What is the mechanism being used to make those decisions?

Copyright, it is a useful tool for censorship of any kind bad and good, if we can’t learn to take the bad with the good we don’t deserve to be free, there is a price to pay for liberty and democracy and for some that price apparently is not worth paying anymore.

That Anonymous Coward (profile) says:

Re: Re:

its not defamation if its true…

Lamar Smith is a brainless idiot.
This could be defamation lacking a flatline EEG.
It is however my opinion of the person, and is protected speech.

Lamar Smith is out to destroy the internet.
This is fact, supported by his actions.

Lamar Smith will not answer the allegations he has done horrible things to ponies.
This could be defamation indirectly, but a factually accurate statement.

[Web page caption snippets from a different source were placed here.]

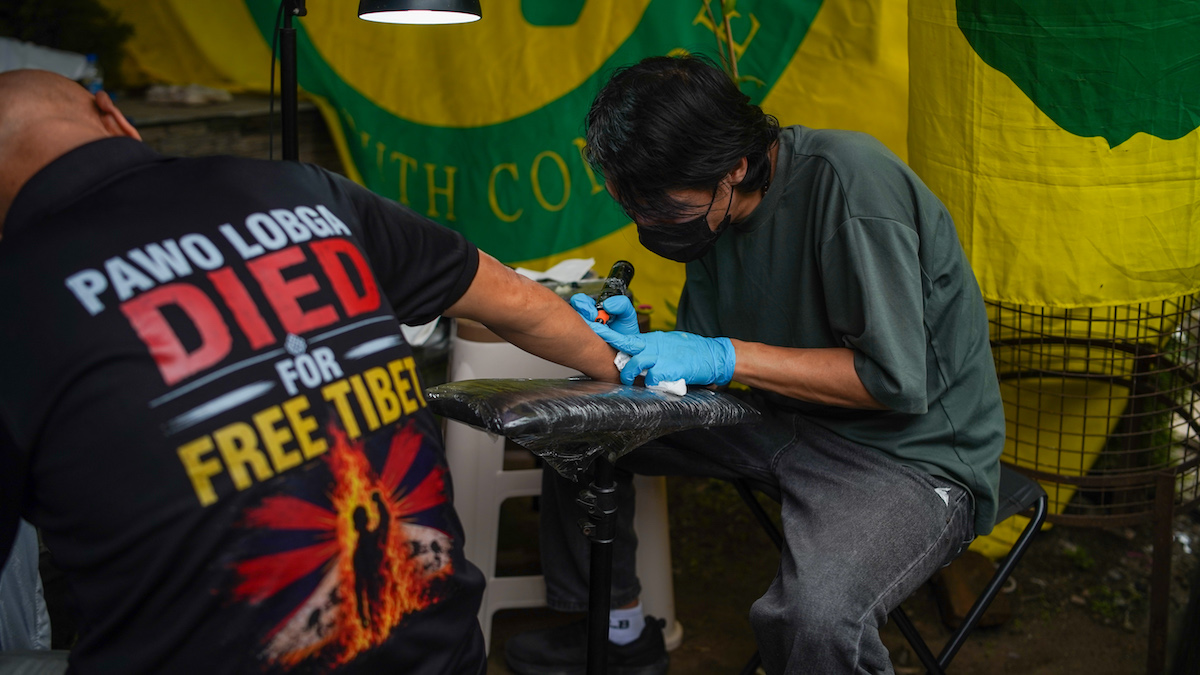 Inked for Tibet: Tibetans turn their skin into canvas of resistance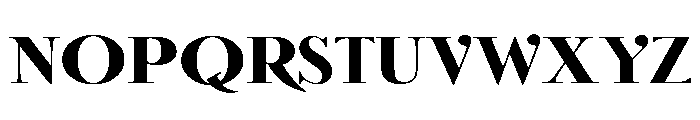 Honduras Solid Font LOWERCASE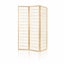 NZ LOCAL STOCK-Artiss 3 Panel Wooden Room Divider - Natural Carousel 3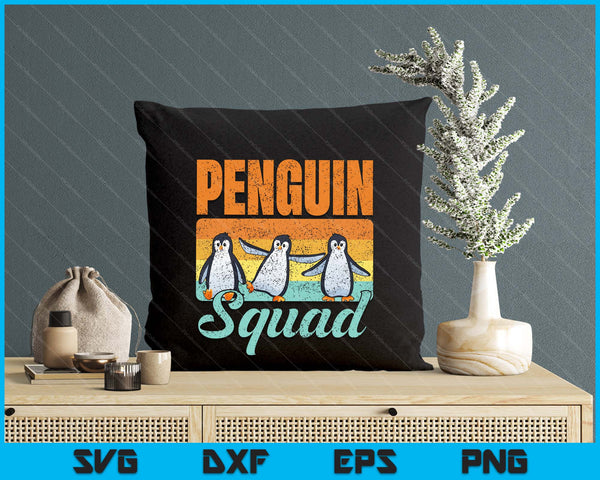 Penguin Squad Penguin Cute Animal Lover SVG PNG Digital Printable Files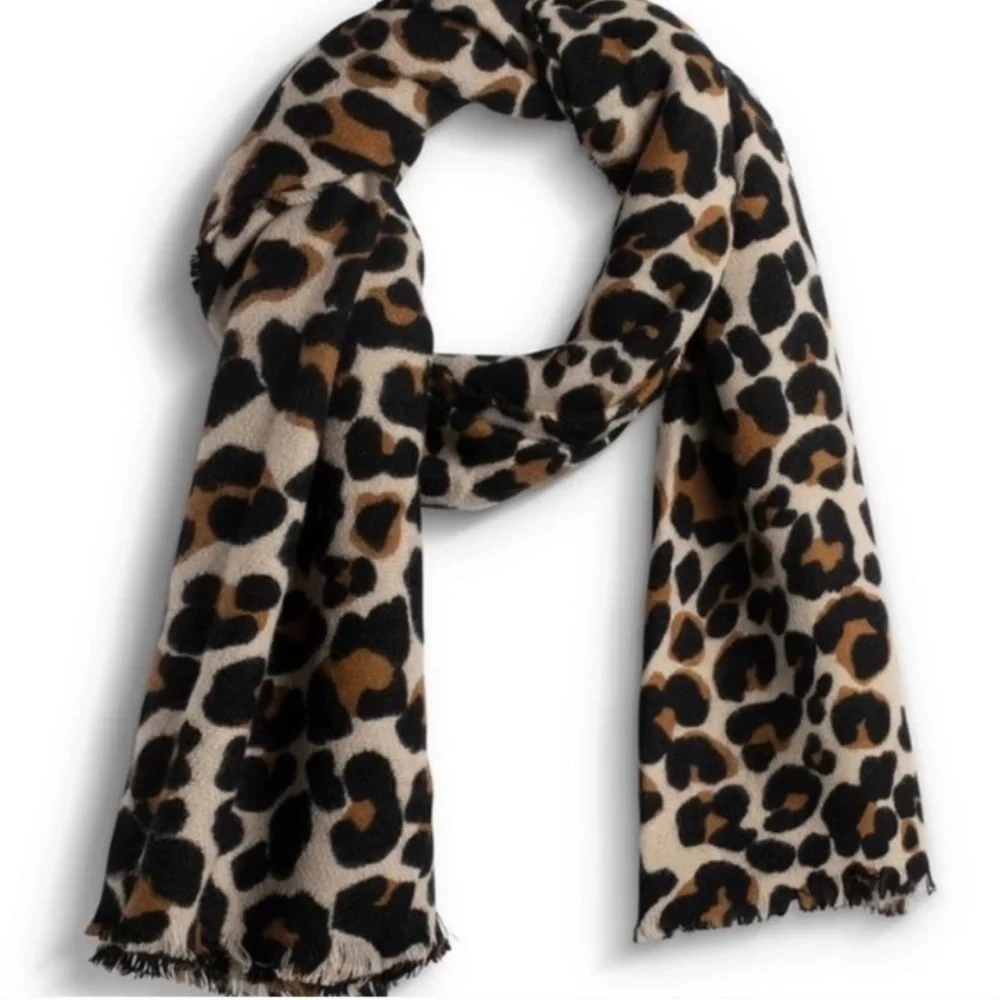 NWT Sole Society Leopard print scarf. Very soft and cozy great gift C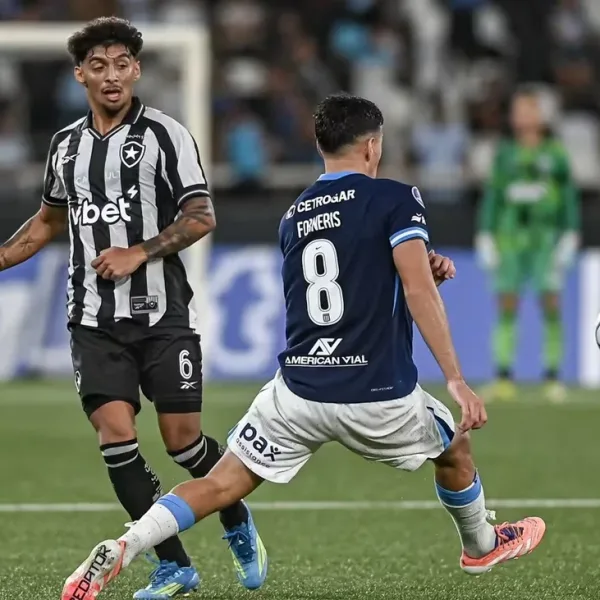 Racing perdió ante Botafogo y se complicó en la Copa Sudamericana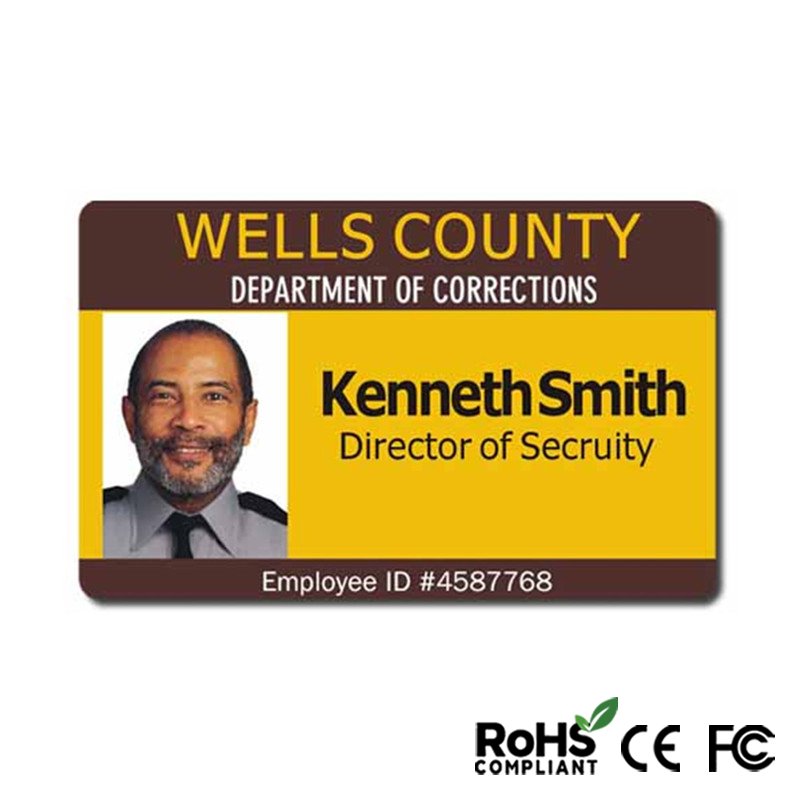 RFID Photo student id cards with printing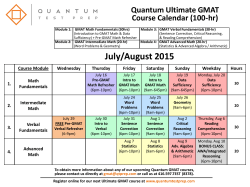 6pm-10pm - Quantum Test Prep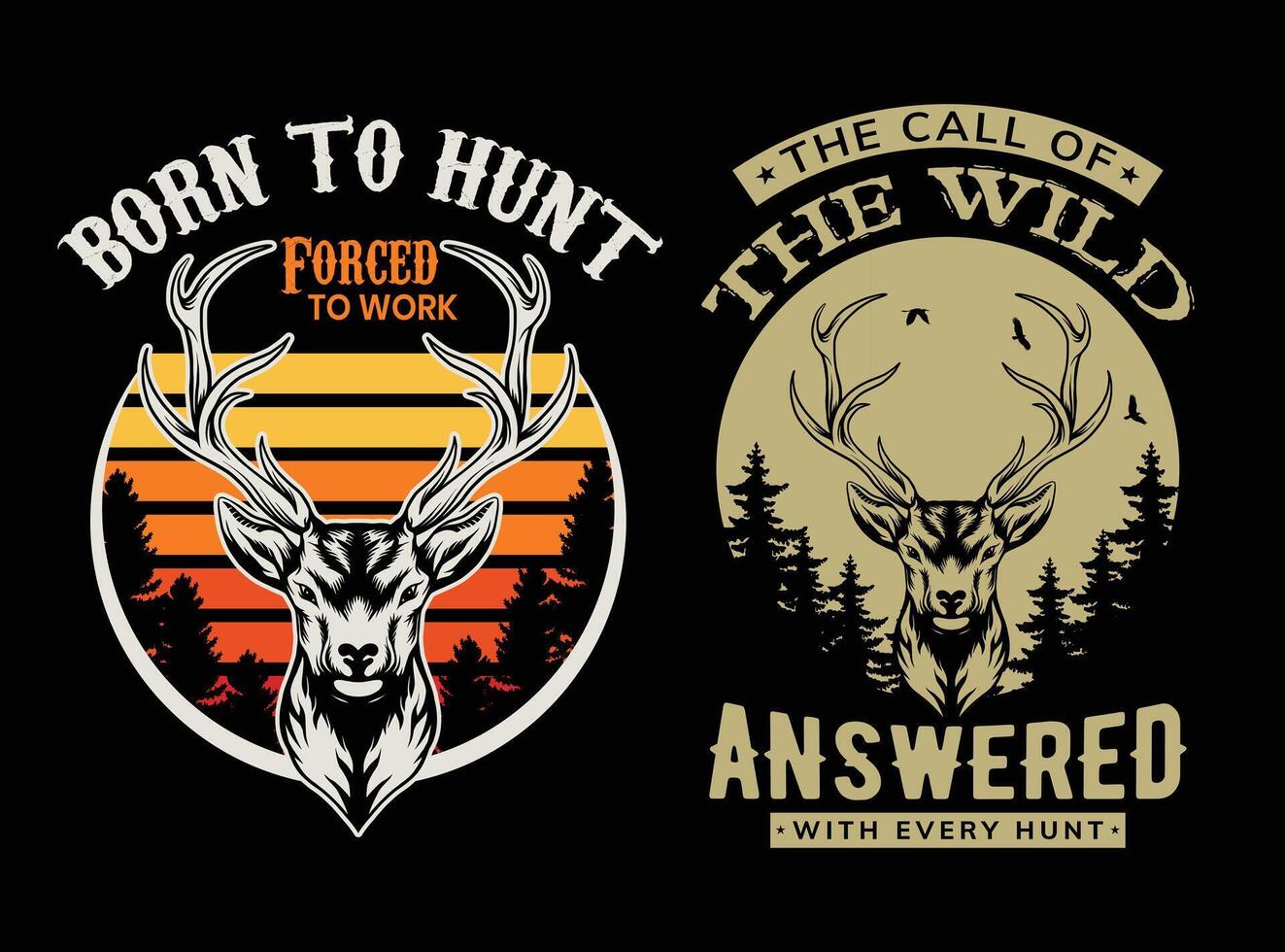 Hunting outdoor T-Shirt Design, Hunting tee vector Design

Lamar Smith did Hollywoods bidding very cheap, does this make him the Walmart of Political Influence?
Again treading on the line, but factually accurate that he supported the proposal from the MPAA while getting less donations than other Congress members.

Lamar Smith doesn’t use bookmarks, he just liked to bend over pages.
And now we come to tap dancing on the fine fine line… the statement is not defamation as the connotation in the readers head creates or misses the punchline.

Lamar Smith is a dirty politician.
Lacking any factual basis to support the statement, this would be defamation.

These are all hypothetical examples to illustrate a point, and now I hope you find yourself better informed.

f0nZi3 (profile) says:

WTF are they teaching in law school?

Let’s face it, judges are failed lawyers. Couldn’t make in in the private sector so they run for public office.

I just wonder what class taught them that if they don’t like the letter of the law (or even the spirit of the law), they can and should use their own bias and personal opinion to come to a summary judgement.

This nation needs an enema.

That Anonymous Coward (profile) says:

Re: Re:

Where did you see the child rape accusation?
It seems like this case is based on 2 posts about her to the dirty.

She was concerned about how it might possibly affect her job, ignoring the obvious answer of questioning the person who followed the dirty enough to notice her and bring it up.

The current lawsuit seems to be focused only on getting money from the deep pockets, because the lawyer turned down a chance to get the information on the people who actually posted the original comments.

“Deters and Jones hope to find out who sent the photo and information about Jones to Karamian in the first place. ?You don?t get to hide behind fake names for slander and libel,? said Deter. Deters says the representative offered to give them that information if they dropped the case, but he declined.”

This is the downside of seeking celebrity, and people should consider the downside… people will always want to take you down a peg. We shouldn’t reward them for that.

bob says:

…only goes to show that if masnick would just bow to Big Search, Big Content and Big Media, his pathetic little blog might get some attention.

It’s really a shame that masnick and all of his pathetic little sycophants can’t make a difference, so they just baaah baaah baaah to get their voices heard, and then pretend that they make a difference.

Quit pretending that you represent the voice of ‘the internet’ or ‘the people’ and admit that you advocate piracy.


That Anonymous Coward (profile) says:

Re: Re:

reading… is fundamental…
you on the other hand appear to be just mental.

is this what happens after you’ve been out all night drinking and instead of drunk dialing you drunk post?

Or is this a really lame entry trying to win funny?

-2/10 if your rant can’t even be loosely tied to the thread just stop… otherwise its just like your…. A PAYWALL!